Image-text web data
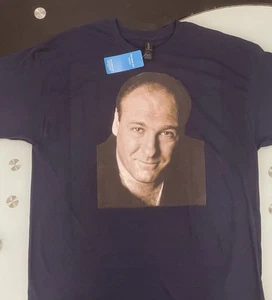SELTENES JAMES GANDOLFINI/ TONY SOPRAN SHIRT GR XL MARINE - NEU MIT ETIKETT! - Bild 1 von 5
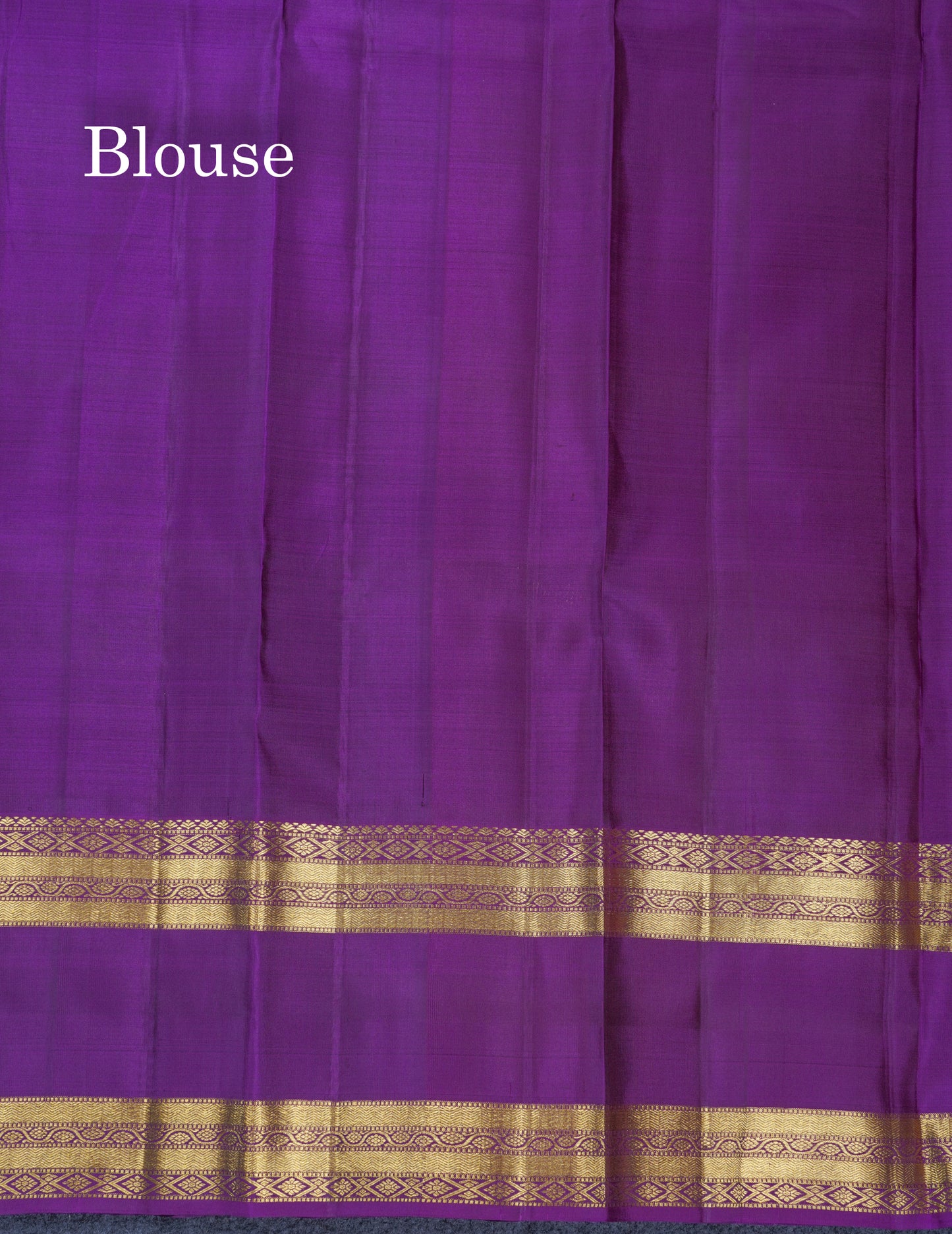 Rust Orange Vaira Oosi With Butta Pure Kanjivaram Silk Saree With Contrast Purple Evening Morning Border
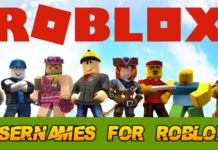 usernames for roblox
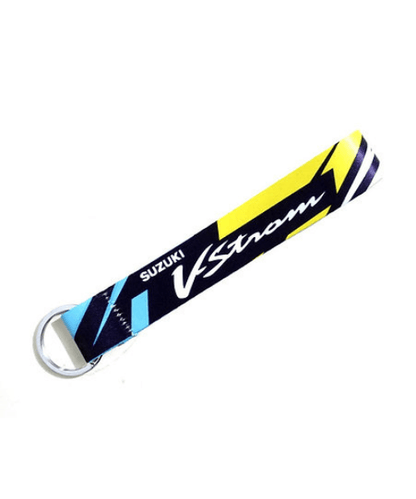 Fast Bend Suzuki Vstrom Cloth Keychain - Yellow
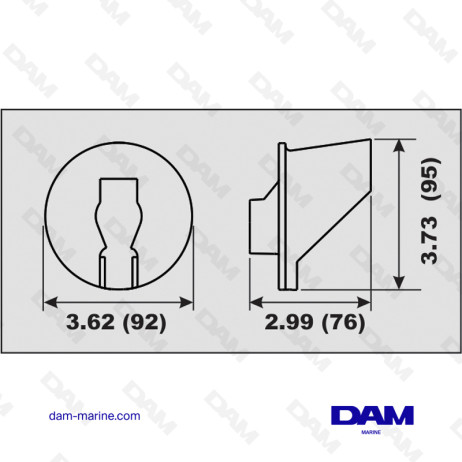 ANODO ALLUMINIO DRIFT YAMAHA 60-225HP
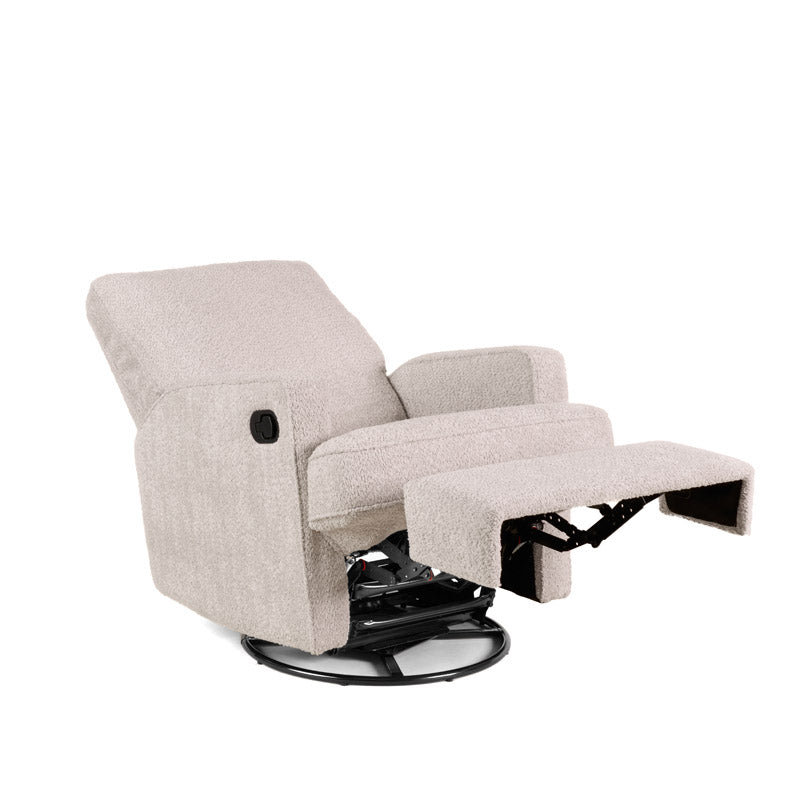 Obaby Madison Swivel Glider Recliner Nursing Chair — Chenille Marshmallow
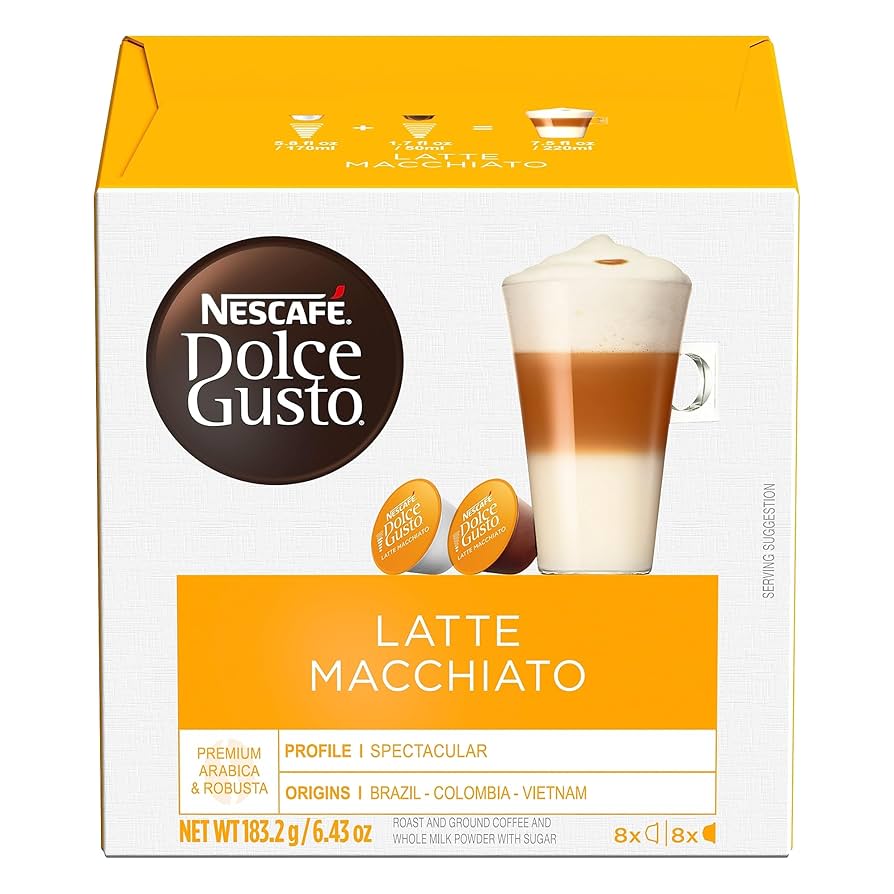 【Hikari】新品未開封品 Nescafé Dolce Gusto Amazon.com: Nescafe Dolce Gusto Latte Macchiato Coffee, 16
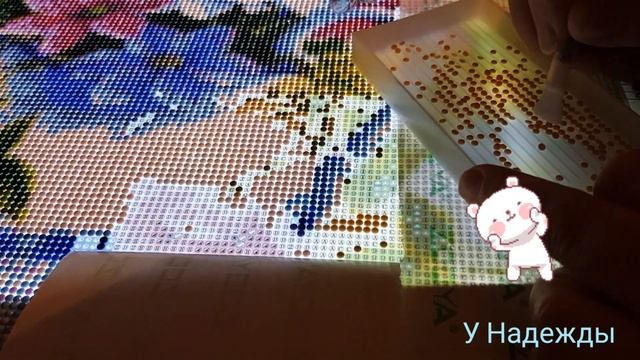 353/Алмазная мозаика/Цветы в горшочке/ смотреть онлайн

--

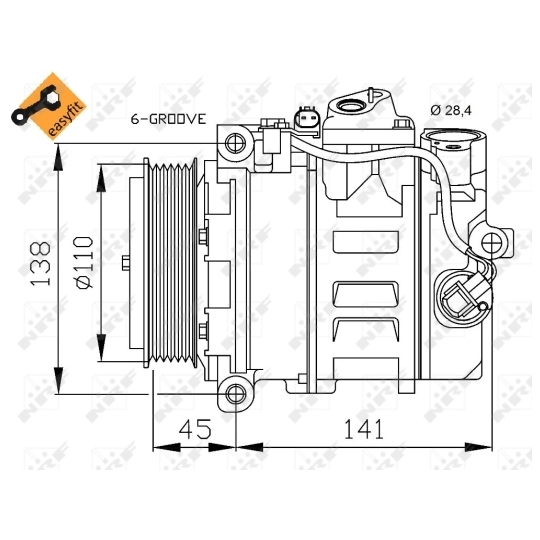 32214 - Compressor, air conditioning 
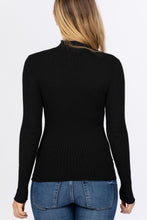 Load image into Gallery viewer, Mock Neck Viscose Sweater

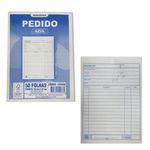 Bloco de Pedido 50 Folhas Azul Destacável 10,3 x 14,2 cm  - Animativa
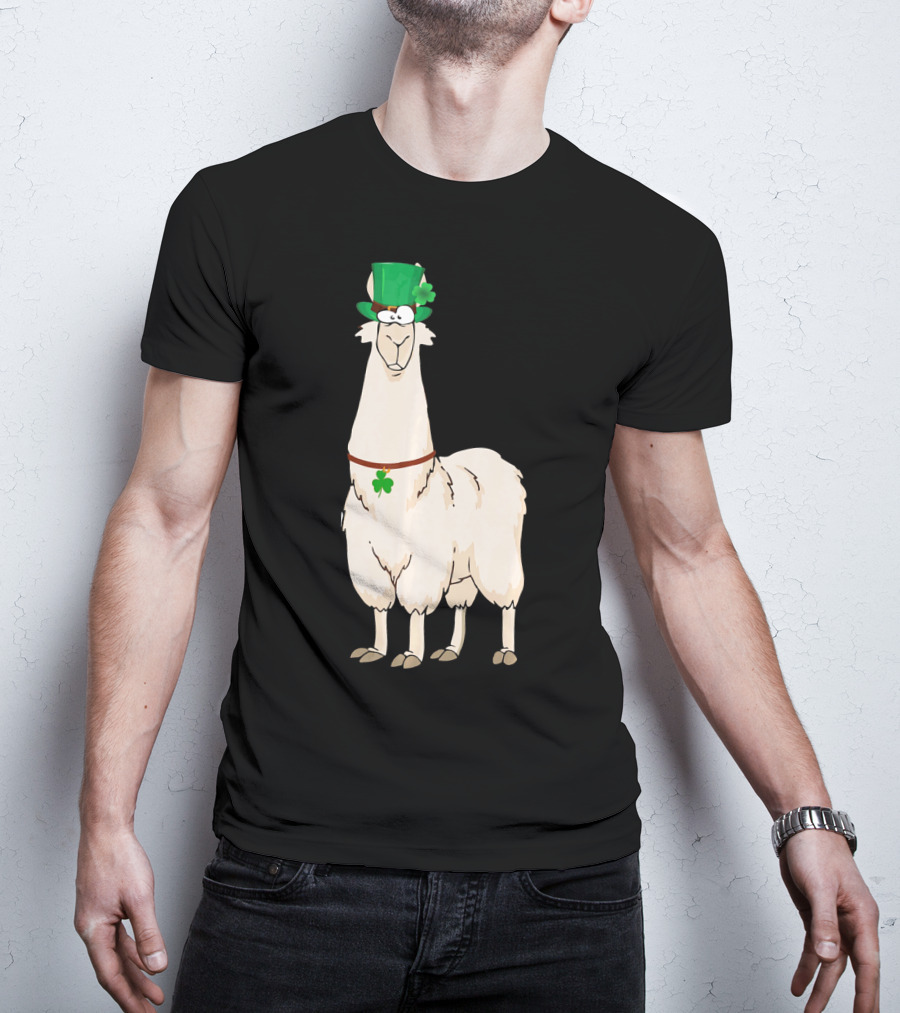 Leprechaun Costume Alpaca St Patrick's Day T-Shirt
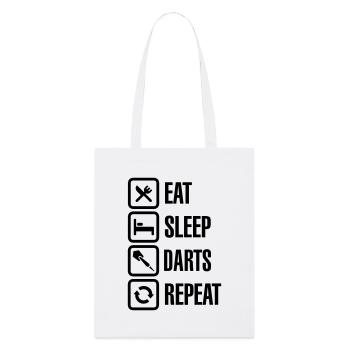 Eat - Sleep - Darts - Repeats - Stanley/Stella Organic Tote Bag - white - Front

— PROBLEM STATEMENT —
Write down exactly what the lines above say, from the line holding "usernames for roblox" through the line holding "353/Алмазная мозаика/Цветы в", and nothing more. Do not copy the pictures.

— WRITTEN RESPONSE —
 usernames for roblox
 Fast Bend Suzuki Vstrom Cloth Keychain - Yellow
 ANODO ALLUMINIO DRIFT YAMAHA 60-225HP
 Obaby Madison Swivel Glider Recliner Nursing Chair — Chenille Marshmallow
 【Hikari】新品未開封品 Nescafé Dolce Gusto Amazon.com: Nescafe Dolce Gusto Latte Macchiato Coffee, 16
 353/Алмазная мозаика/Цветы в горшочке/ смотреть онлайн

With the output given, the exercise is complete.